Despite touring with pianist and producer Allen Toussaint, as well as a horn section that occasionally soloed, nothing in his two-hour, 45-minute performance could be considered jazz.

But then, jazz is hardly the only type of music on tap at jazz festivals these days. Rock, blues, hip hop, Afro-pop -- all sorts of sounds turn up, some with no jazz connection at all.

Being married to a jazz musician gives Costello better bona fides than most.

Although emphasizing Costello's current album, a collaboration with Toussaint called The River in Reverse, the performance drew deeply from both artist's catalogues. Costello unearthed such chestnuts as Watching the Detectives, Clubland and a version of Alison that included an interpolation of Smokey Robinson's The Tracks of My Tears, while the Toussaint selections ranged from a solo piano Tipitina and Me to full-band versions of Brickyard Blues and Yes We Can Can.

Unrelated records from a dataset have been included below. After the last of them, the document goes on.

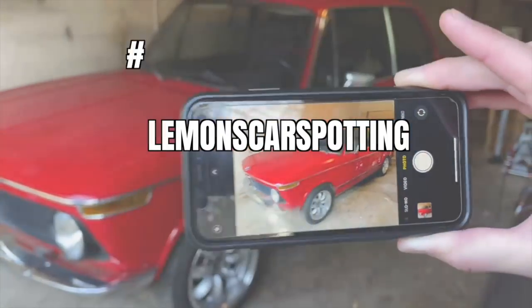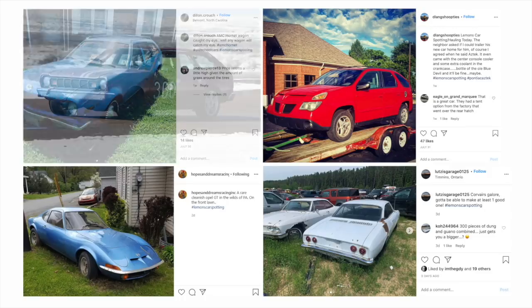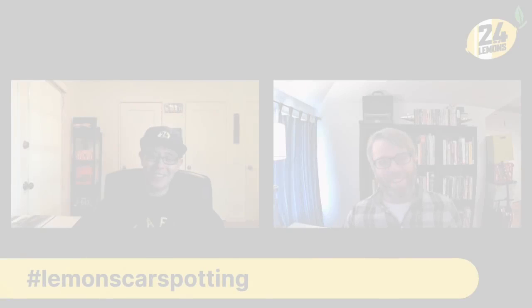This is Lemons Car Spotting. You post to Instagram with the hashtag Lemons Car Spotting, we pick the hoopdiest — they are so incredibly terrible — and which one we want to become a real Lemons build. Hey, it is Lemons Car Spotting with Nick and Eric. We look at 10 cars that you guys have tagged with Lemons Car Spotting on Instagram, and we pick a hoopdiest and a Lemons build every week.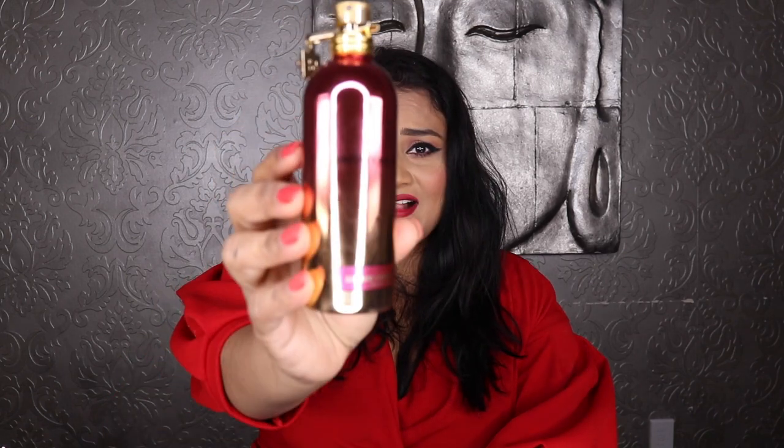Musk really adds that edge to this fragrance — which is why it smells fashionable. Every time there's musk in a fragrance, it makes it edgy. It's an amazing fragrance, and more people should be talking about it. This is Montale Intense Cherry.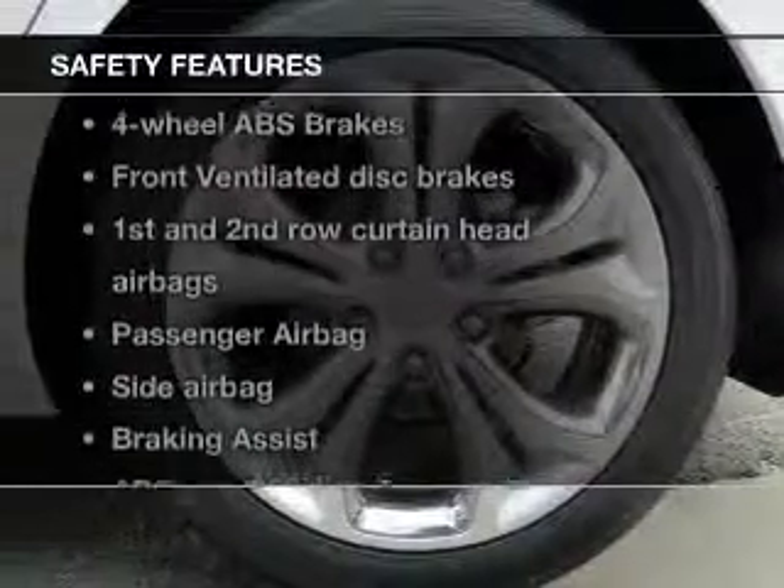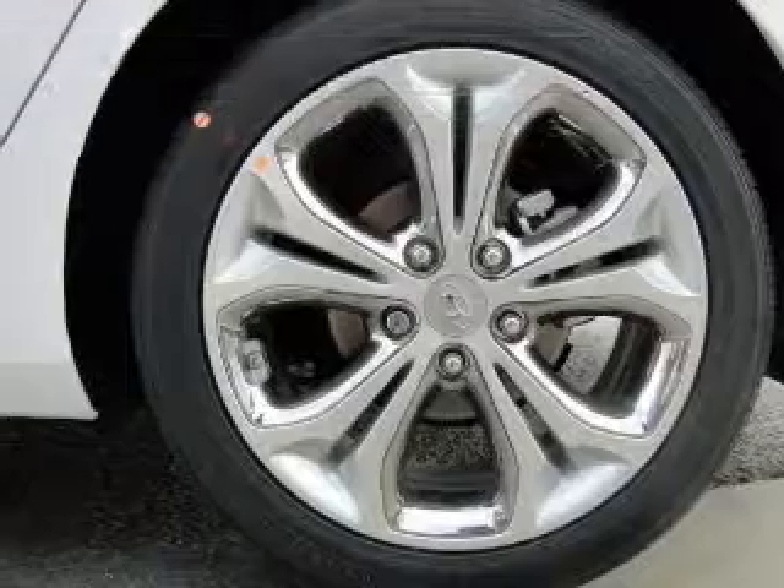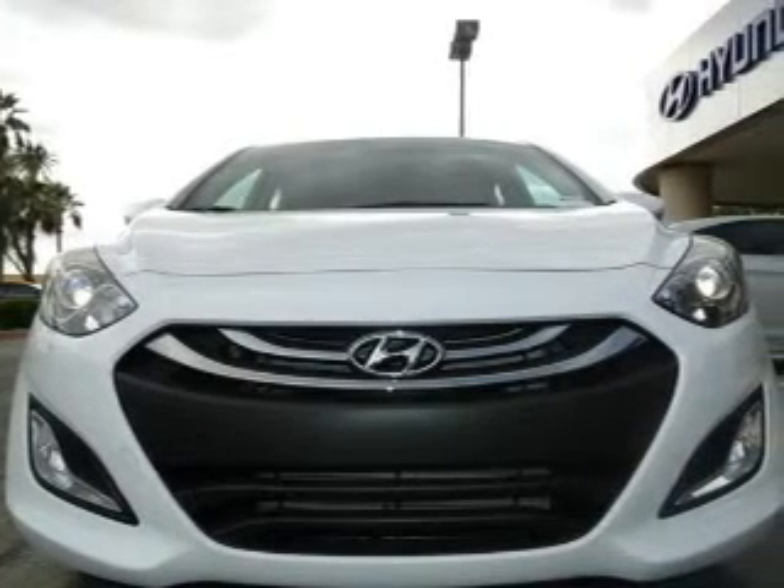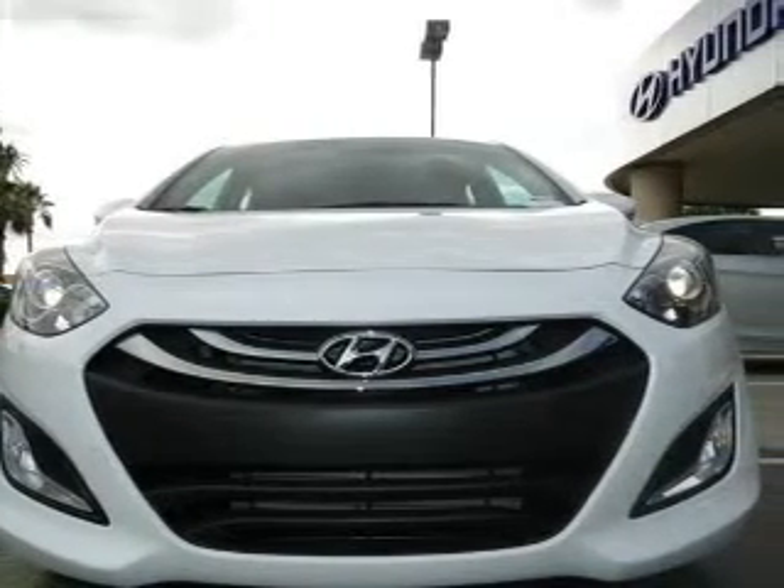And for your peace of mind, the following safety equipment is included: front ventilated disc brakes, curtain head airbags, passenger airbag, side airbag, traction control, stability control, and daytime running lights.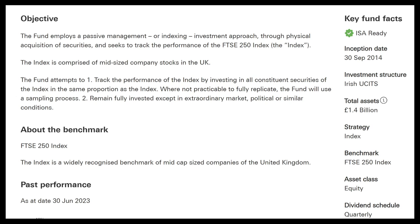What is the whole objective of this fund? It's one of Vanguard's passively managed indexing ETFs — you invest into it and it seeks to track the performance of the FTSE 250, investing into mid-sized companies within the UK. It has total assets of approximately £1.4 billion and it's been around for almost 10 years.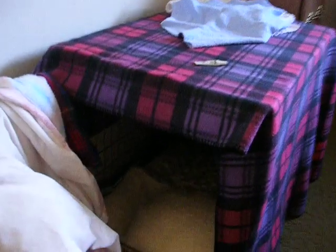And this is Fiona's crate. I have a couple towels up there because she threw up and she was having eye problems, so her medicine's up there. These work as tables, too.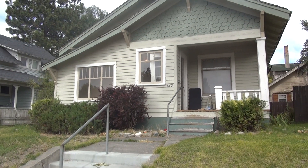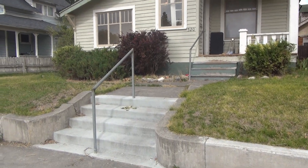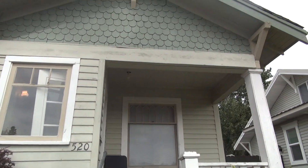Here we are at 520 H Street in Idaho Falls, Idaho. There's a view of the front of the home. There are some steps on the sidewalk leading up to the apartment, and a covered entry.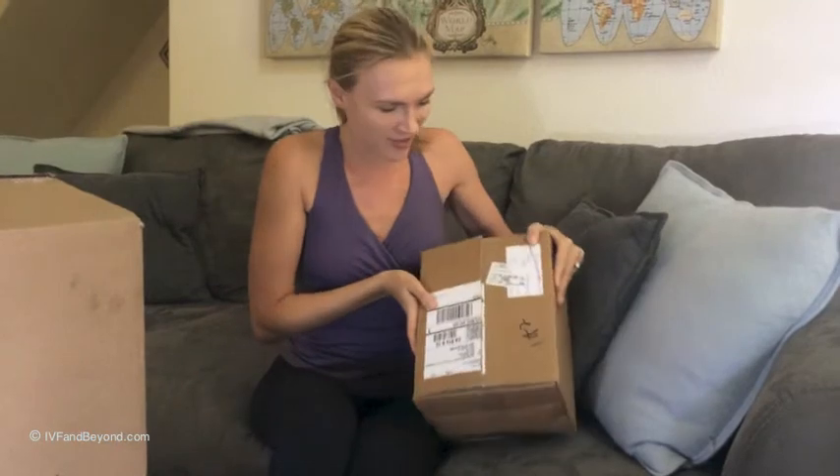Hi ladies, this is Alla. Thank you so much for joining me on my journey to IVF. I actually have a surprise for you — I received my box of meds for IVF, all the medications. So I wanted to go ahead and share my unboxing and unveiling of all of the goodies that have arrived.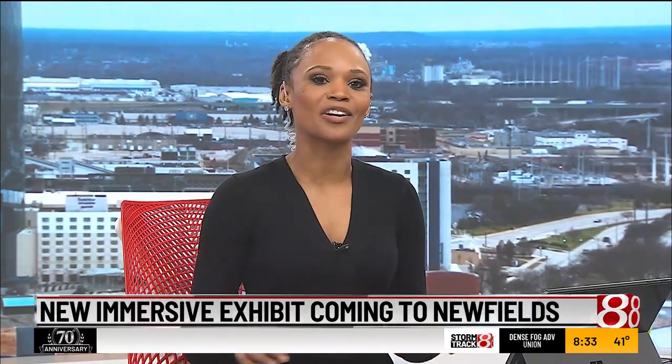Newfields is debuting a new immersive experience. They'll use projectors and music to show off the work of a prominent Spanish artist. News 8's Hernan Gutierrez joins us from the museum to show us around.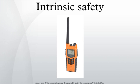Compact electrical equipment generates heat as well, which under some circumstances can become an ignition source. There are multiple ways to make equipment explosion-proof, or safe for use in hazardous areas. Intrinsic safety is one of a few methods available for such hazardous areas.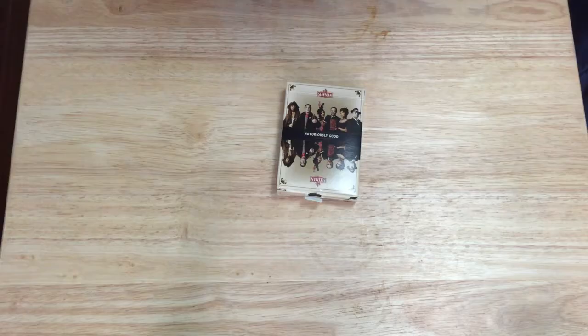Hello everyone, VGZF2 back here today with another review. Today we're looking at something a little bit different that I've actually reviewed years ago, because I had this deck previously before giving it away, but now it's back. It is the Sleeman Notoriously Good deck.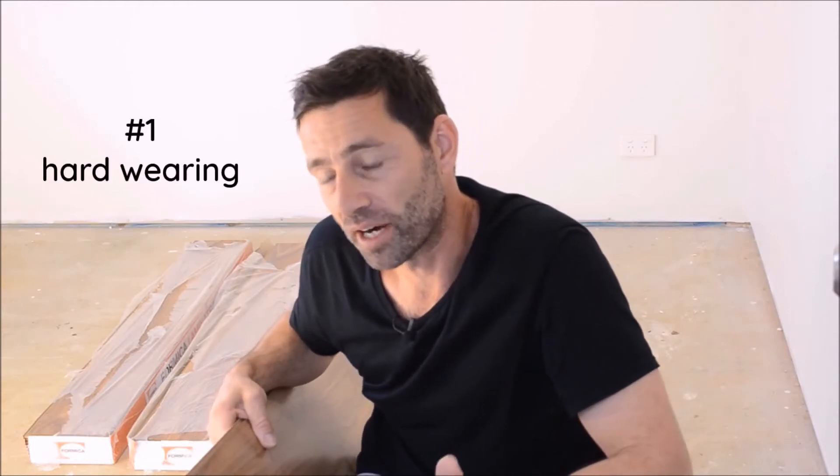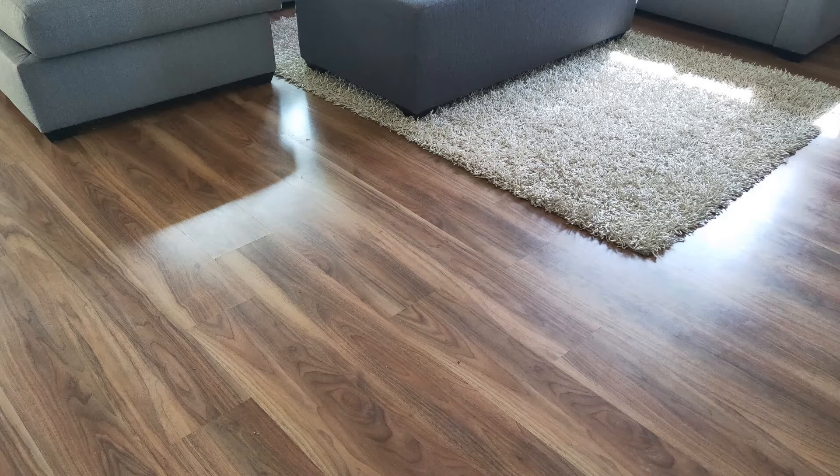This product is so hard wearing, it's virtually scratch proof. Admittedly I still do put those little pads under the legs of furniture, but I'm not gentle and my kids aren't gentle, and after three years the laminate flooring in the rest of the house is still perfect — there's no scratches on it.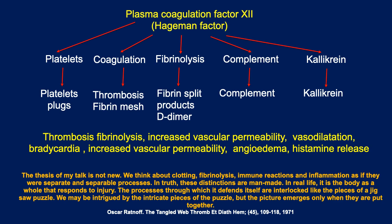From the words of Oscar Ratnoff, who described this tangled web: 'We think about clotting, fibrinolysis, immune reactions, and inflammation as if they were separate and separable processes. In truth, these distinctions are mainly man-made. In real life it is the body as a whole that responds to the injury. The processes through which it defends itself are interlocked like the pieces of a jigsaw puzzle. We may be intrigued by the intricate pieces of this puzzle, but the picture emerges only when they are put together.' Very powerful words from a brilliant man.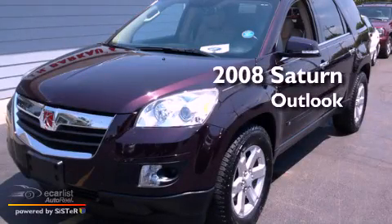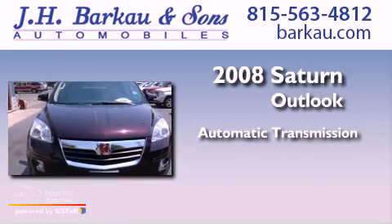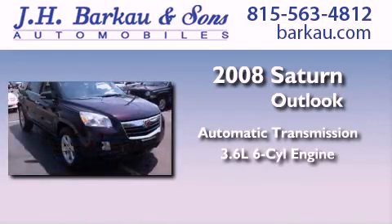This is a 2008 Saturn Outlook. This crossover has an automatic transmission and a 3.6-liter V6.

Thanks to the horn arrangements (mostly by Toussaint), Costello's songs took on a mild R&B flavour, and his singing was unusually supple and expressive -- though not quite as slyly soulful as Toussaint's. Still, it was more than enough to get much of the crowd on its feet and dancing for the last third of the show.

Dancing audiences may not be frequent at the Vancouver jazz fest, but they're not entirely anomalous, either.

The Commodore Ballroom pretty much invites dancing, and Sunday's performance by Senegalese singer and guitarist Baaba Maal did not disappoint in that regard. Backed by two singers, a seven-piece band and a pair of dancers, Maal covered quite a lot of ground in his 90-minute set, offering everything from loping 6/4 grooves to upbeat numbers with a slight ska flavour, and even though few in the crowd understood enough Wolof to follow his lyrics, the audience hung on his every note.

The small crowd gathered at an outdoor stage in Gastown earlier that day for Norway's Zanussi Five was equally appreciative, despite being almost entirely sedentary.

Fronted by bassist Per Zanussi, the quintet delivered a heady mix of free jazz exuberance and mainstream drive, a balancing act that depended heavily on the chemistry between its three saxophonists. Alto and sopranino saxophonist Rolf Erik Nystrom was a particularly effective soloist, thanks to his fluid lines and sweet tone, but the group's impact owed as much to the writing and arranging as to the playing.

Writing and arranging was also central to bassist Michael Bates's Outside Sources.

This quartet, which recorded two sets at the CBC's Studio One Monday, evokes the intimacy and interplay of a chamber ensemble, with deft arrangements that find the instruments slipping almost imperceptibly between written and improvised playing.

Saxophonist Quinsin Nachoff was a perfect foil for Bates's quietly lyrical writing, but it was the understated virtuosity of trumpeter Russ Johnson that ultimately lifted the music to the stratosphere.

Baaba Maal performs at the Montreal Jazz Festival on July 1, Costello and Toussaint on July 3.